Existe cierta dosis nuclear de soberbia, un trasfondo inhumano y cínico, con amplios vuelos suntuarios, que une desde hace semanas a todos los analistas y políticos que, con Rajoy a la cabeza, tratan de reducir a un contrato de compraventa la extorsión de la que ha sido objeto Grecia y la maniobra a la desesperada puesta en marcha por Tsipras y su Gobierno; dicen, con ánimo ramplón y despectivo, que el problema prácticamente se puede explicar con una ecuación sencilla: alguien, en este caso un país, se niega a pagar lo que debe y su negativa siembra un precedente con todos los atributos que habitualmente rodean el ombligo reaccionario de esa falacia oportunista que en España se ha venido a llamar liberalismo. Si Grecia no paga, sostienen, vendrá el caos y la destrucción. Consideran los acólitos de Rajoy que la demanda, por supuesto, es legítima: tanto como la que podría formular un modesto propietario frente a un inquilino irresponsable y moroso. La democracia, en suma, comprimida al intercambio de comercio, sin tener en cuenta el amarre simbólico y los principios que presumen en teoría la razón de ser y el norte de todo el sistema político.

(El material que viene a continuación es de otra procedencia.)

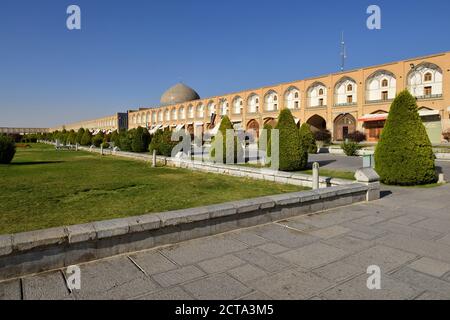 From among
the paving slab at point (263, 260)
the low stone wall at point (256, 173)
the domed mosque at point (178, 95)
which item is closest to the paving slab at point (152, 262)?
the paving slab at point (263, 260)

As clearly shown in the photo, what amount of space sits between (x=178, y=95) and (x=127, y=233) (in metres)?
66.6

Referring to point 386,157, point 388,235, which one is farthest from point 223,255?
point 386,157

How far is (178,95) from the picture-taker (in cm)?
6781

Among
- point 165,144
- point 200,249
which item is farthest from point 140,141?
point 200,249

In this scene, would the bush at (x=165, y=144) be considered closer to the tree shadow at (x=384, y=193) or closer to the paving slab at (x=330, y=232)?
A: the tree shadow at (x=384, y=193)

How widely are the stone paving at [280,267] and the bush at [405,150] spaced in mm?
3669

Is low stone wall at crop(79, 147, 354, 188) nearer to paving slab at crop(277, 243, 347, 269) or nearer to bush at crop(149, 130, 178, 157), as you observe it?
bush at crop(149, 130, 178, 157)

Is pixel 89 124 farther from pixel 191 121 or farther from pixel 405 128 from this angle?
pixel 405 128

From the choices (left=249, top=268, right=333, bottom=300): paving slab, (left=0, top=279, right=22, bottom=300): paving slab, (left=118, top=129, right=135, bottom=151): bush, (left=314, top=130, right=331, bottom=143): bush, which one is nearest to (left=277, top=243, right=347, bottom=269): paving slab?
(left=249, top=268, right=333, bottom=300): paving slab

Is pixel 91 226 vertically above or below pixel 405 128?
below

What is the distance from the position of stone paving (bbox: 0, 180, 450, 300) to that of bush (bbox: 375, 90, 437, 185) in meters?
3.67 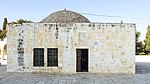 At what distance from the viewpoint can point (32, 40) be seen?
20000mm

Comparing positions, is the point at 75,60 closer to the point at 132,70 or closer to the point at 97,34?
the point at 97,34

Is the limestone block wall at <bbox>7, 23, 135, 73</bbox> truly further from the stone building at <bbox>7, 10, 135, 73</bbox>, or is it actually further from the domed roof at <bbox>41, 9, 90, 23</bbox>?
the domed roof at <bbox>41, 9, 90, 23</bbox>

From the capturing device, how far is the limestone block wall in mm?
19703

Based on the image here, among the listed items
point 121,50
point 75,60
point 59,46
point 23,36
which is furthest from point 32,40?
point 121,50

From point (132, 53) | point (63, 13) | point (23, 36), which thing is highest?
point (63, 13)

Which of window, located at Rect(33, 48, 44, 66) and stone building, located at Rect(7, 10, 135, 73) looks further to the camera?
window, located at Rect(33, 48, 44, 66)

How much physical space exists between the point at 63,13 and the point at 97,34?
4838mm

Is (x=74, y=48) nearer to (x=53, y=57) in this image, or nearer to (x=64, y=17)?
(x=53, y=57)

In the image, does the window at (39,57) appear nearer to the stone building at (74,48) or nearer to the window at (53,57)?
the stone building at (74,48)

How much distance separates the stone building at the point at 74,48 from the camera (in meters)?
19.7

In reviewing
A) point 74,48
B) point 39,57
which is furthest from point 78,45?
point 39,57

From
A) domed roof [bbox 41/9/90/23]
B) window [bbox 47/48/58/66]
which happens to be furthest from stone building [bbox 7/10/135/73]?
domed roof [bbox 41/9/90/23]

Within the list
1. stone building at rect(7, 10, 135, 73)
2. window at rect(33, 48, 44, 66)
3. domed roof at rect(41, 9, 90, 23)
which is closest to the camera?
stone building at rect(7, 10, 135, 73)

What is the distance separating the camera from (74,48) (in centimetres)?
1978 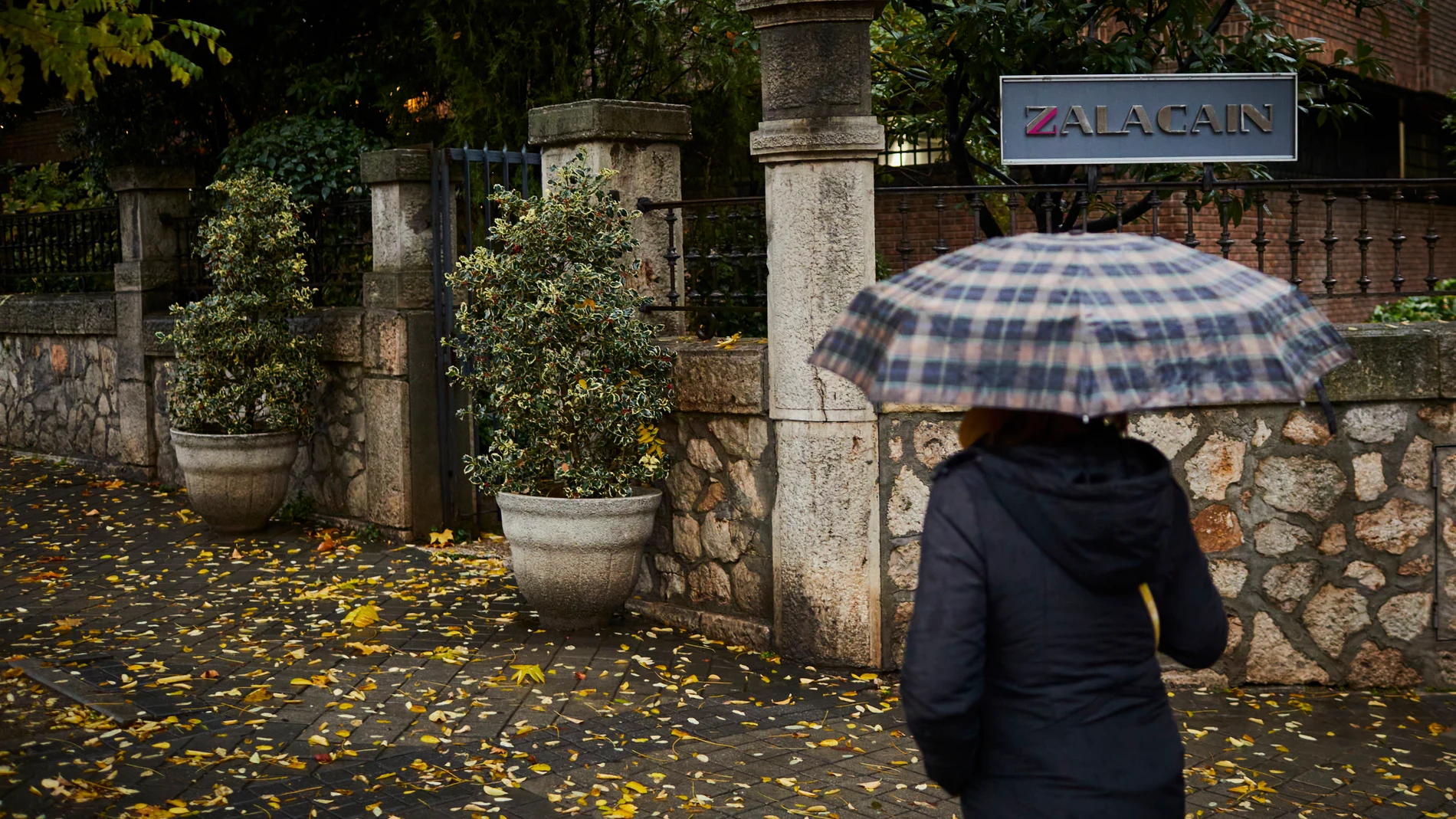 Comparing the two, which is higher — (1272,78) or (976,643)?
(1272,78)

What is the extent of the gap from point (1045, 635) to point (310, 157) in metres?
9.36

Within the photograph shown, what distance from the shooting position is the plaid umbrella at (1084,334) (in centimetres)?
258

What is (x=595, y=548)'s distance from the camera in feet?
23.3

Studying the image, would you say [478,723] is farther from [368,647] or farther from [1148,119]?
[1148,119]

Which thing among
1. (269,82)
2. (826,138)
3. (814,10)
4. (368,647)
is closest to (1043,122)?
(826,138)

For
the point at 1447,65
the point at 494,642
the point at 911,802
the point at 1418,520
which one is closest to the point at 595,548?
the point at 494,642

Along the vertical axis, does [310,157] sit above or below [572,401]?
above

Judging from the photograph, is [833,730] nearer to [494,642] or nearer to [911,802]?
[911,802]

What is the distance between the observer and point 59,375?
13.4 m

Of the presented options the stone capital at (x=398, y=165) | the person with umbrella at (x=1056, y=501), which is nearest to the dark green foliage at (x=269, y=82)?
the stone capital at (x=398, y=165)

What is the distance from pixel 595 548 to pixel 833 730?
1787 millimetres

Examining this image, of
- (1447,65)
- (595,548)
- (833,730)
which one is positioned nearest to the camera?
(833,730)

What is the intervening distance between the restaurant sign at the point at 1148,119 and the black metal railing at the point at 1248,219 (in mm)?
184

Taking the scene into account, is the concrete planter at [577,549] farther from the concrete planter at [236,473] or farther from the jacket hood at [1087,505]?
the jacket hood at [1087,505] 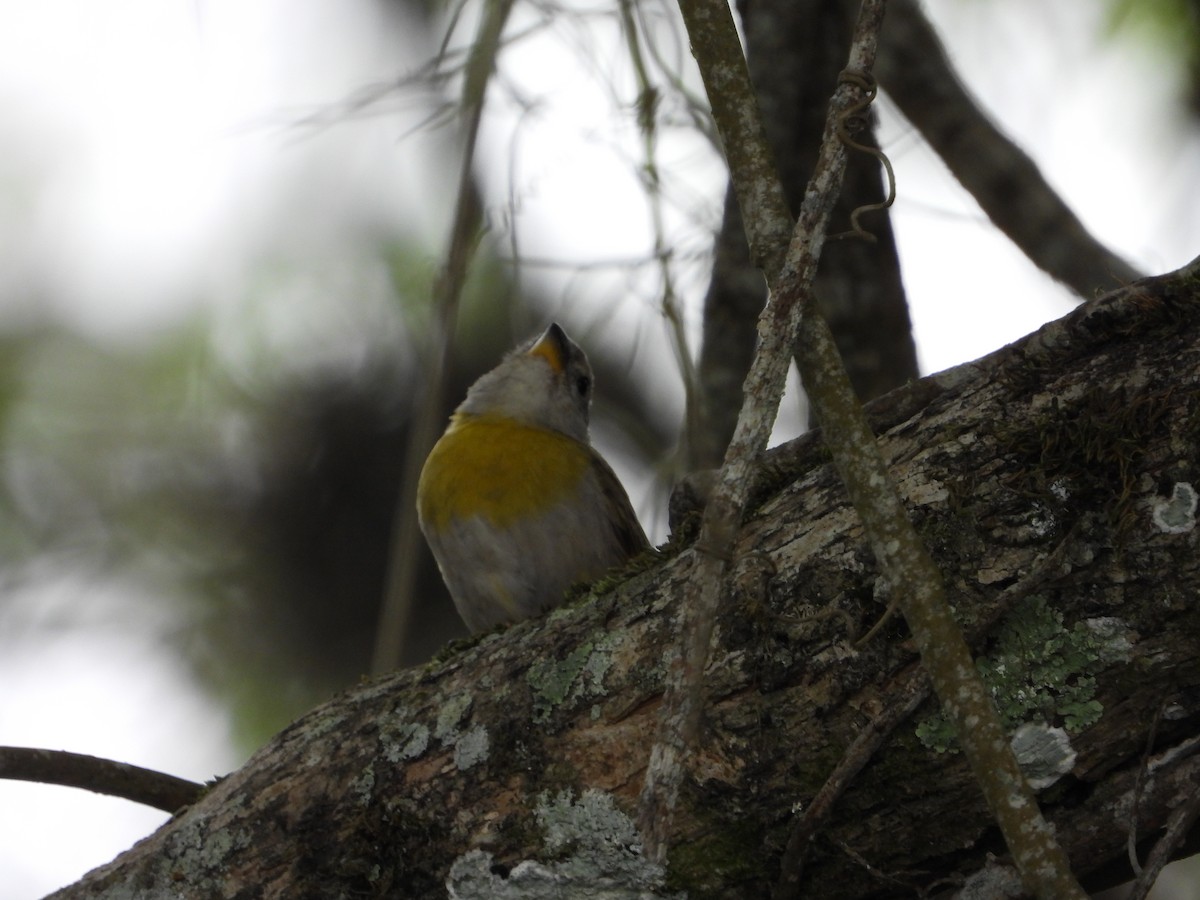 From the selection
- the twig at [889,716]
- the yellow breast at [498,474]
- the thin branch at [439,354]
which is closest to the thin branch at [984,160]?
the thin branch at [439,354]

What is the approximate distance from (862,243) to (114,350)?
9.21 ft

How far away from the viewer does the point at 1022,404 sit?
2.09 meters

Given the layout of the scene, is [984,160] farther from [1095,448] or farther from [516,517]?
[1095,448]

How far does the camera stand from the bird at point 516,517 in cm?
396

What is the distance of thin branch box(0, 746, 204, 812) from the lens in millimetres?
2822

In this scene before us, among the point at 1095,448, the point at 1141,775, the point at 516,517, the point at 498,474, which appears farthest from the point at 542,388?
the point at 1141,775

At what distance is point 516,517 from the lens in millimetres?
4012

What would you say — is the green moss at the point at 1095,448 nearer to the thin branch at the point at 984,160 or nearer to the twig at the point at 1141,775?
the twig at the point at 1141,775

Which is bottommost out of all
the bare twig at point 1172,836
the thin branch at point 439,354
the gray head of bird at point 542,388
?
the bare twig at point 1172,836

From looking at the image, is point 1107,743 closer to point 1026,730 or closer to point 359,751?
point 1026,730

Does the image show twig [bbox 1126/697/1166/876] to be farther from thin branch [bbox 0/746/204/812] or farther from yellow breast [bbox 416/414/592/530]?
yellow breast [bbox 416/414/592/530]

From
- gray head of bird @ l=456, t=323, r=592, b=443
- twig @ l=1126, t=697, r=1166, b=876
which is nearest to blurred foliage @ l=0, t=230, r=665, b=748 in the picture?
gray head of bird @ l=456, t=323, r=592, b=443

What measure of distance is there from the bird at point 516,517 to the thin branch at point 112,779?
1161 millimetres

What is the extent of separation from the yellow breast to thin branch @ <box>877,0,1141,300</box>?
1457mm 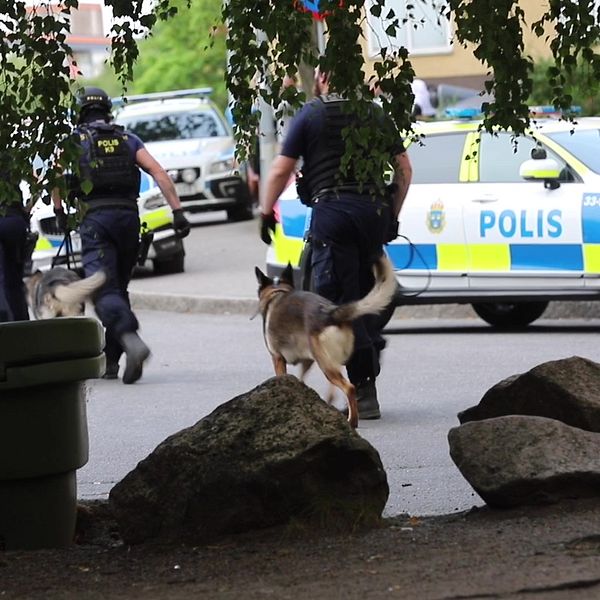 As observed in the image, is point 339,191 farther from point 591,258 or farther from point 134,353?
point 591,258

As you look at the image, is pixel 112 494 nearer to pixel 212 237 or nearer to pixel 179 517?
pixel 179 517

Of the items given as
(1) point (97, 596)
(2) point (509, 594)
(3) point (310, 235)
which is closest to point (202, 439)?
(1) point (97, 596)

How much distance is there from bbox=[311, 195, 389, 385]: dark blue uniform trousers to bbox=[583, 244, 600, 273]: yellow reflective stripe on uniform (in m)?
4.01

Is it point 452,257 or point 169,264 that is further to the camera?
point 169,264

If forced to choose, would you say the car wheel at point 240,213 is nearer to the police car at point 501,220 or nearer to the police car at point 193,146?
the police car at point 193,146

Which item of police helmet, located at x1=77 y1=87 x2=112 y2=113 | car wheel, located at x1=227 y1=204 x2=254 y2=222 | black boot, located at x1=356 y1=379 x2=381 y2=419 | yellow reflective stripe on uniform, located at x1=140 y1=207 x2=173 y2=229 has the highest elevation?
police helmet, located at x1=77 y1=87 x2=112 y2=113

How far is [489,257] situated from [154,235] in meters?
6.95

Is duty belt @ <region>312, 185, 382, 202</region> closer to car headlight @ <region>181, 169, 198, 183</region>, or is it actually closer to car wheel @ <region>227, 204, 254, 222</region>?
car headlight @ <region>181, 169, 198, 183</region>

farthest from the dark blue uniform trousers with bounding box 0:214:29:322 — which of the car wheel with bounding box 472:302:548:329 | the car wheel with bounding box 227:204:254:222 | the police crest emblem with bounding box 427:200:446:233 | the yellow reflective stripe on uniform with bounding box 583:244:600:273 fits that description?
the car wheel with bounding box 227:204:254:222

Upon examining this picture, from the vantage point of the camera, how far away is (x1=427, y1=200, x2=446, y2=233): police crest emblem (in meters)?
12.9

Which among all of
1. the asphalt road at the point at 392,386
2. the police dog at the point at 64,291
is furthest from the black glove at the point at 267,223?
the police dog at the point at 64,291

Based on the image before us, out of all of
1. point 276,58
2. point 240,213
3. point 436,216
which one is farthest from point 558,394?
point 240,213

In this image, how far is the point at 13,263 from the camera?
10.9 metres

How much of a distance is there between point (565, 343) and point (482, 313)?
180cm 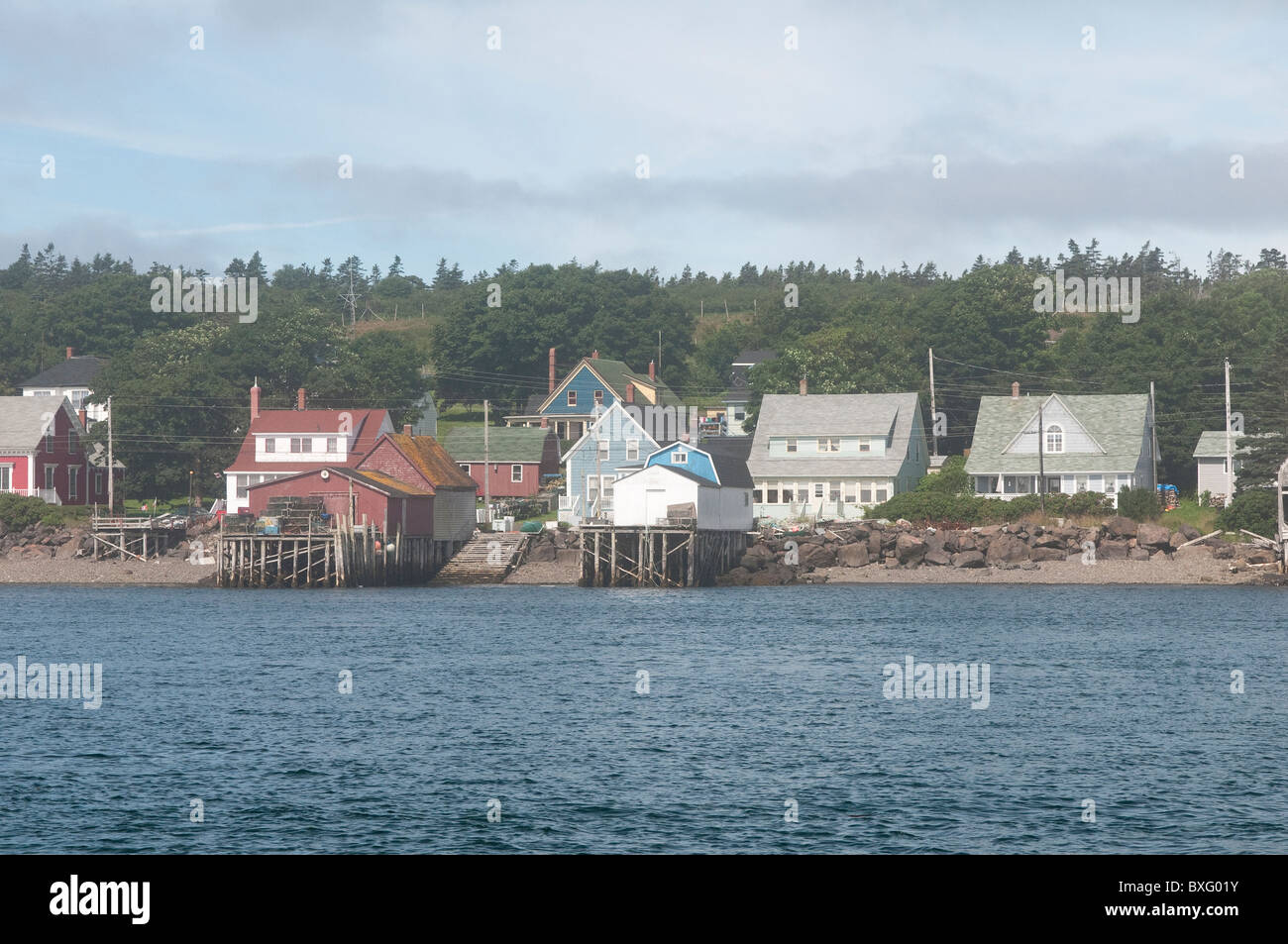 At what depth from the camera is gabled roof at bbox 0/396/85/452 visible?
88625mm

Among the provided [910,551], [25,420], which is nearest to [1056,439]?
[910,551]

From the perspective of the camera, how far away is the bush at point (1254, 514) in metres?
71.5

Exigir a los griegos el pago de la deuda, en las condiciones leoninas y salvajes que propone la troika, puede resultar irreprochable para un banquero que se comporta con sus clientes como un banquero, pero no para un proyecto europeísta ni para un modelo de convivencia que se infatua de tener al hombre en el centro de sus políticas. Con esa jactancia pseudocrapulosa, los defensores de la postura de la Unión Europea se olvidan de la dimensión humana y obligan a aceptar un contrato a sabiendas de que su aplicación engendrará sufrimiento. La troika está perfectamente engrasada para ejercer de troika sin serlo tan tozuda y criminalmente. Bastaba, como se está viendo, con moderar sus exigencias y hacerlas pasar por un filtro realista que permitiera a Grecia sobrevivir sin hacerse el harakiri ni sonrojar a sus ciudadanos con el peso de una evidencia monstruosa, la de que la soberanía no habita, ni mucho menos, en el pueblo y que son los acreedores los que gobiernan. A menudo, además, con pulso Corleone. Que pregunten a la Argentina del corralito qué bien se vive obedeciendo al FMI. Con cuánta solvencia.